Yet Greensburg – once the largest city in Kiowa County – has been left behind. Families, many growing up here, others living their entire lives in Greensburg, are leaving.
“There are people that bought homes that want to come back,” Janssen said. “It is not going to be the old Greensburg, but by the same token, there are going to be people who want to be here.”
Hubert, who now lives five miles outside of town, said she couldn’t afford to rebuild her old home. Instead, she and her husband opted to move out to the family farm and build a new home.
“We sold our lot in town,” she said. “You just don’t know what to do. When you get to be a certain age, it’s too much for you to rebuild.”
She misses Greensburg. Her husband spends his days farming, while she remains alone with her thoughts, with the memories that haunt her.
“I’ve gone through a lot of depression,” she said. “It still seems unbelievable.”
Unbelievable that a tornado with winds reaching 200 mph and a funnel 1.7 miles wide could flatten a 1 1/2 square-mile town in less than 10 minutes.
“There was no way,” Janssen said. “The good Lord looked after that town like you can’t believe.”
Long road back
Boyles was born and raised here and believes in Greensburg like she believes in the people who made her fall in love with it.
“My children say, ‘We’ll live in a tent if we have to, just don’t take us away from Greensburg,'” she said.
Her children, one five and the other 11, are survivors. They lived through the twister; they lived through the nightmare that became their life for one whole night.
Boyles was in Dodge City when she found out that her hometown experienced a direct hit.
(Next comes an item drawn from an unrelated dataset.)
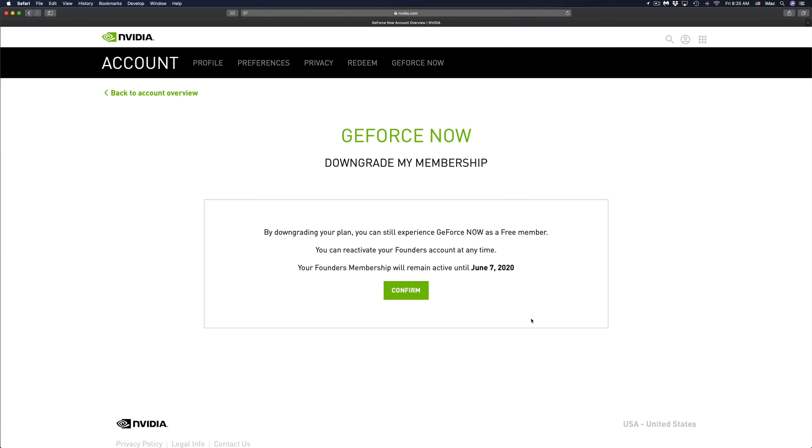If you're canceling two weeks before, which is perfect, you will still be able to use it until when you paid, which is until for me June 7th. I'm canceling just seven days ahead.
It was midnight, and the only thing on her mind was the safety of her children who were staying with her mother for the night.
The roads to Greensburg were closed, Boyles said. She couldn’t get through, couldn’t find out if her children were safe. So Boyles started walking – not a strong, determined walk, but rather a walk of faith. Not knowing what she’d find when she made it home, Boyles walked for 15 miles. She climbed over cars and trucks, over trees and rocks, before someone said her family had been taken to shelter.
Scars that never fade away
Down the hill from Hubert’s newly built home, past scattered debris and remnants of homes once standing, is the city she once lived in, is the lot she once owned a home on.
The home, along with the homes of more than 1,000 other people, was destroyed a year ago. Hubert was watching the TV when it happened, when she heard the sirens sound and knew she and her husband must seek shelter.
Their home had no basement. Instead, her husband had built a small crawlspace beneath the house when it was constructed more than three decades ago.
“The whistle went off for a long time,” said Hubert whose lime green T-shirt stands out in the crowd. “We went under there never expecting to have a tornado like that.”
Her T-shirt reads, “Hand in hand, we will dig.” It’s a reflection of her feelings, of the spirit of the people of Greensburg.
“You can live somewhere else,” she said with tired eyes, with a tired heart. “But it’s just not like home.”
On that fateful night, Hubert and her husband crawled on their hands and knees to safety – an act that surely saved their lives.
“We had to kind of go on our stomach because it wasn’t tall enough,” she said moving her arms up and down the way she did that night. “We were wedged in and couldn’t get out.”
Hubert has scars to prove it. Her arms, small and fragile are covered in small, white marks.
“My skin is so thin that I got scars from where it layed back the skin,” she said pointing them out on her aged arms. “It’s just a terrible ordeal to go through. It doesn’t seem possible that it’s been a year already.”
Body bags and newfound hope
When Janssen pulled into Greensburg at 3:30 a.m., he knew there would be casualties among the people of his city.
“All we could do was start trying to figure out where everyone was and get everyone accounted for,” he said. “We hauled all our neighbors down to the evacuation center.”
Janssen’s neighbors were among the lucky ones. The fate of 11 others would not be as fortunate.
“There was a large concern when we saw the west side of town because it was just so devastated,” said Janssen, who now lives in a temporary shed on his farm outside of town.
At that point, the fire chief ordered 300 body bags – one bag for every casualty he predicted.
“I didn’t think he was wrong,” Janssen said.
But the two were wrong. The list of survivors was longer than the list of those citizens who lost their lives, though the short list of names remains more prevailing and disheartening than anything else.
“This will never be the same,” Boyles said as she looks out at the people of Greensburg. “You just don’t know what (the victims) were thinking.”
Today, Greensburg remains a place of uncertainty – uncertainty about the past, uncertainty about the future, uncertainty about the lives of the people who remain behind, clinging to the memory of a once thriving town.
“The neat thing is that a lot of the people that bailed want to come to town now that they see what we’re doing,” Janssen said, as if his small basement office had not been nearly ruined in the tornado. “They want to be a part of that.”
For others, Greensburg is a changing place, and the memories of that night are too much to bear.
“This will never be the same,” Boyles said as she stares out at the flocks of people gathered in town for the one-year anniversary of the tornado. “Everybody’s saying it’s a celebration, but it’s not for me.”
Today, Greensburg is a place of rehabilitation and perhaps, one day, a place of full recovery.